### Brief:
Exact retyping of the data: please keep every word and drop each picture.

### Given records:
- - - - -

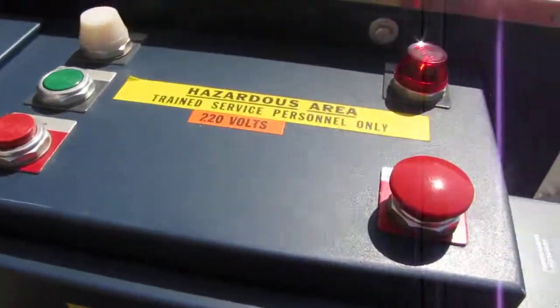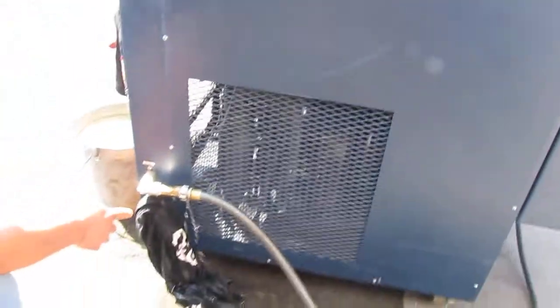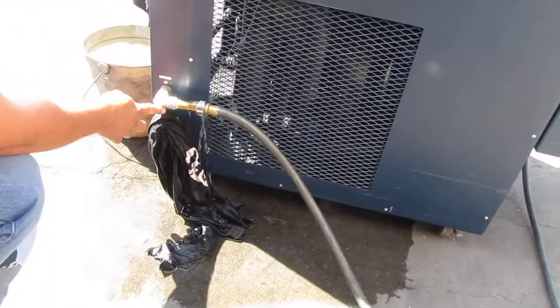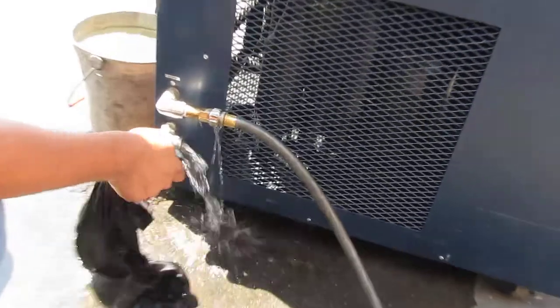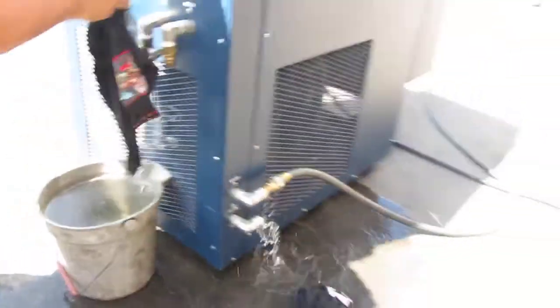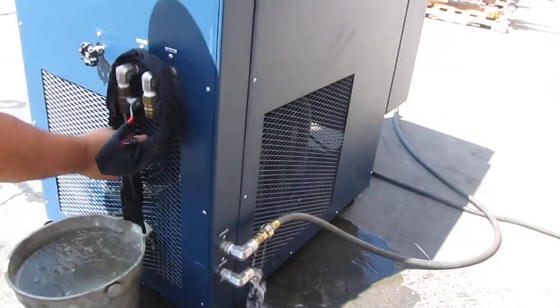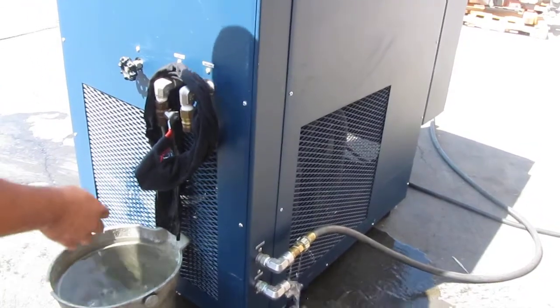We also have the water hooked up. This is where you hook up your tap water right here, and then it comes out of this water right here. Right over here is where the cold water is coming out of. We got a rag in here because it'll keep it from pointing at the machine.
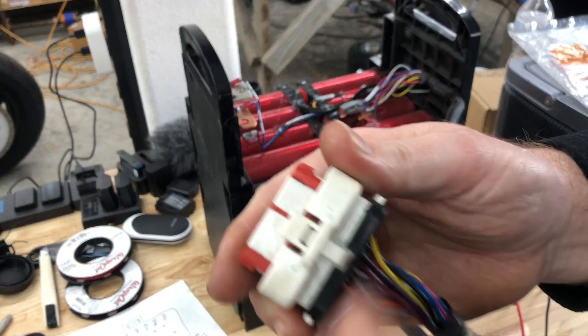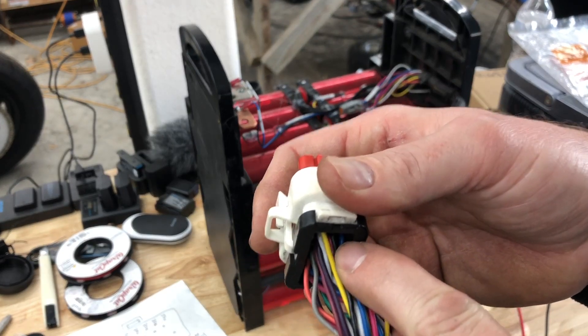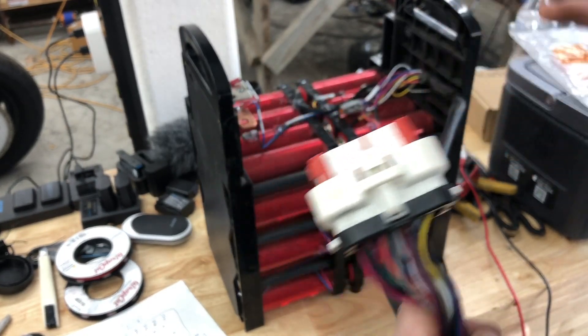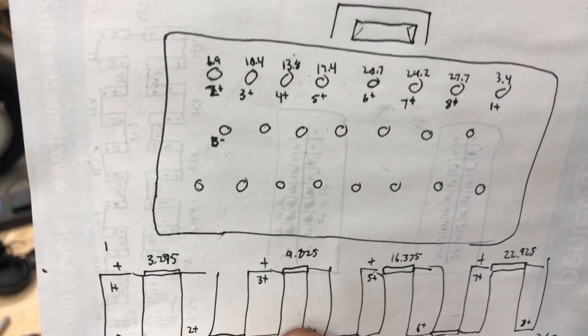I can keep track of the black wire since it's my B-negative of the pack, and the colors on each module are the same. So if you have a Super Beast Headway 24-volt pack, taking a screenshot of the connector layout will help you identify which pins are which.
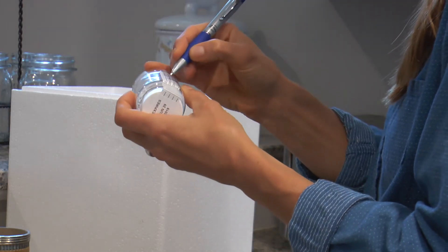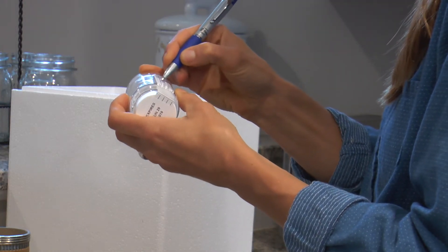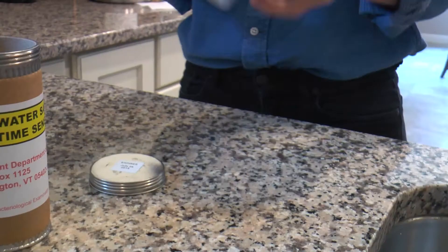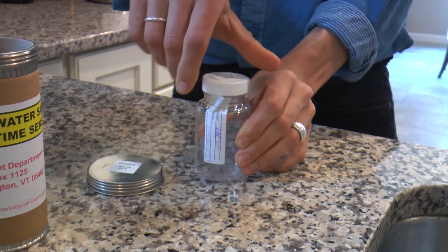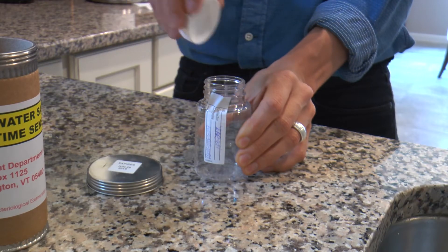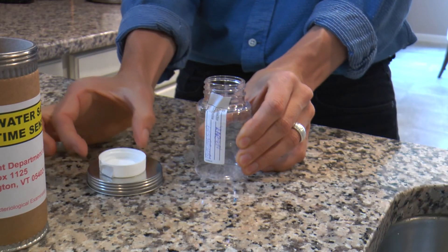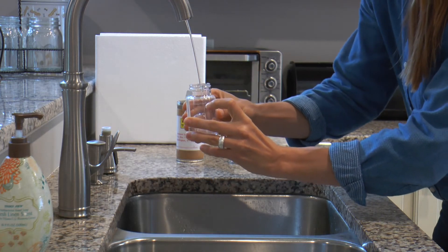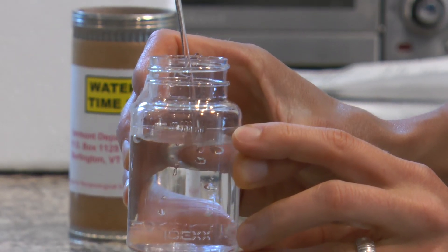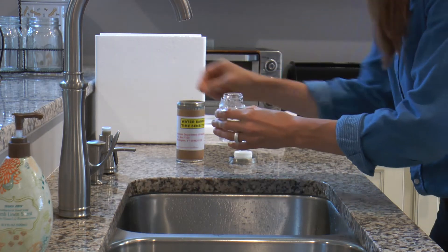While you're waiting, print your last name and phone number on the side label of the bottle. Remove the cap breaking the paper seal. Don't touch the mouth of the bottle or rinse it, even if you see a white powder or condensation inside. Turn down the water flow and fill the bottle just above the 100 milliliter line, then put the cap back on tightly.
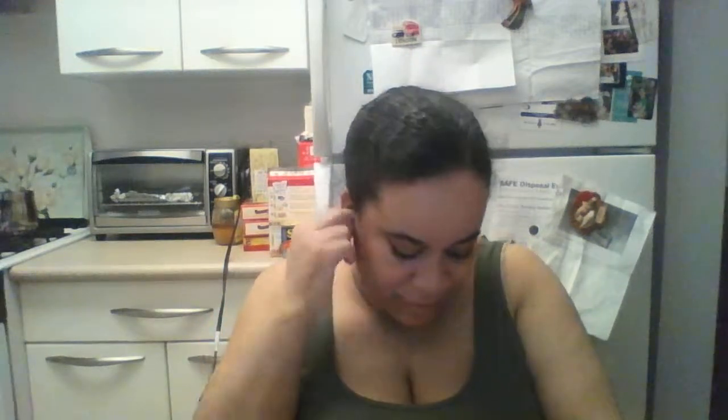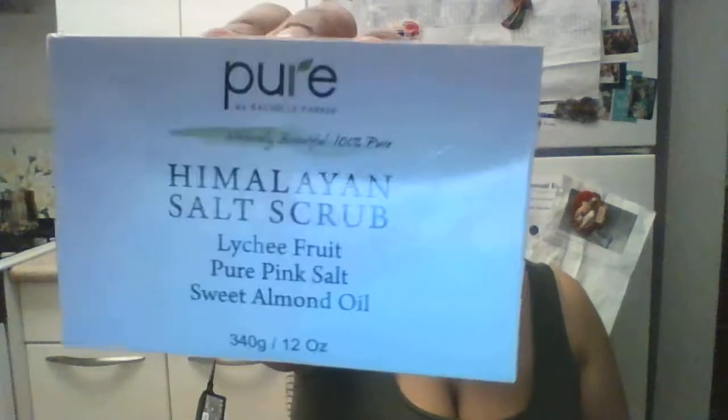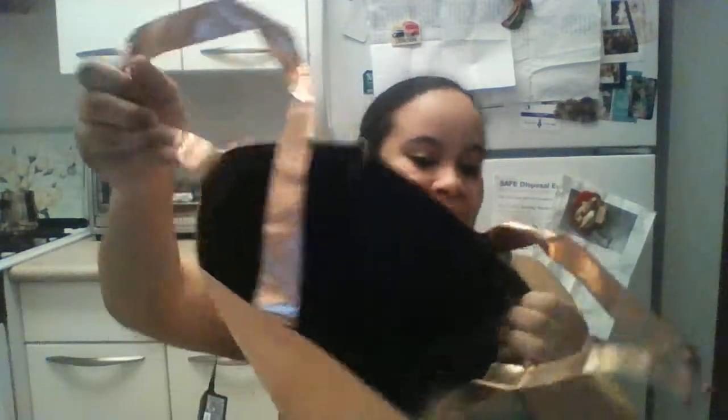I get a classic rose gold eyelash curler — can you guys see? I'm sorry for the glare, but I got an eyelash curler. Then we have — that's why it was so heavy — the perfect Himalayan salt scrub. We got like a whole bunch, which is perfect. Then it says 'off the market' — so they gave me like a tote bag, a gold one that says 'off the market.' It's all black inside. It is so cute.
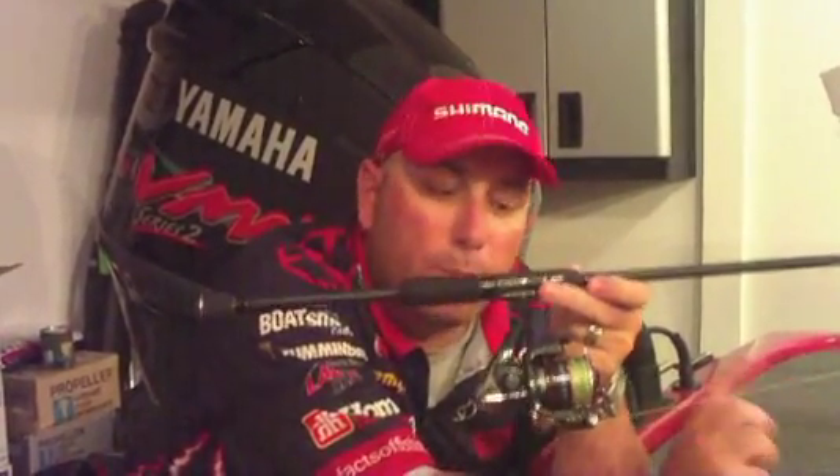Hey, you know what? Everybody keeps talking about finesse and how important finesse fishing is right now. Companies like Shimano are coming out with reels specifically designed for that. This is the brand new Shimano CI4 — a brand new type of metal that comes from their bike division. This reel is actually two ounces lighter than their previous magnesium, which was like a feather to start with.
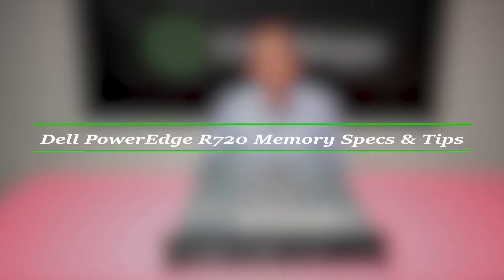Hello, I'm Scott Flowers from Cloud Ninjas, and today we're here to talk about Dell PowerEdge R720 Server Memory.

- - - - -

### Answer box:
We also have the water hooked up. This is where you hook up your tap water right here, and then it comes out of this water right here. Right over here is where the cold water is coming out of. We got a rag in here because it'll keep it from pointing at the machine.
I can keep track of the black wire since it's my B-negative of the pack, and the colors on each module are the same. So if you have a Super Beast Headway 24-volt pack, taking a screenshot of the connector layout will help you identify which pins are which.
While you're waiting, print your last name and phone number on the side label of the bottle. Remove the cap breaking the paper seal. Don't touch the mouth of the bottle or rinse it, even if you see a white powder or condensation inside. Turn down the water flow and fill the bottle just above the 100 milliliter line, then put the cap back on tightly.
I get a classic rose gold eyelash curler — can you guys see? I'm sorry for the glare, but I got an eyelash curler. Then we have — that's why it was so heavy — the perfect Himalayan salt scrub. We got like a whole bunch, which is perfect. Then it says 'off the market' — so they gave me like a tote bag, a gold one that says 'off the market.' It's all black inside. It is so cute.
Hey, you know what? Everybody keeps talking about finesse and how important finesse fishing is right now. Companies like Shimano are coming out with reels specifically designed for that. This is the brand new Shimano CI4 — a brand new type of metal that comes from their bike division. This reel is actually two ounces lighter than their previous magnesium, which was like a feather to start with.
Hello, I'm Scott Flowers from Cloud Ninjas, and today we're here to talk about Dell PowerEdge R720 Server Memory.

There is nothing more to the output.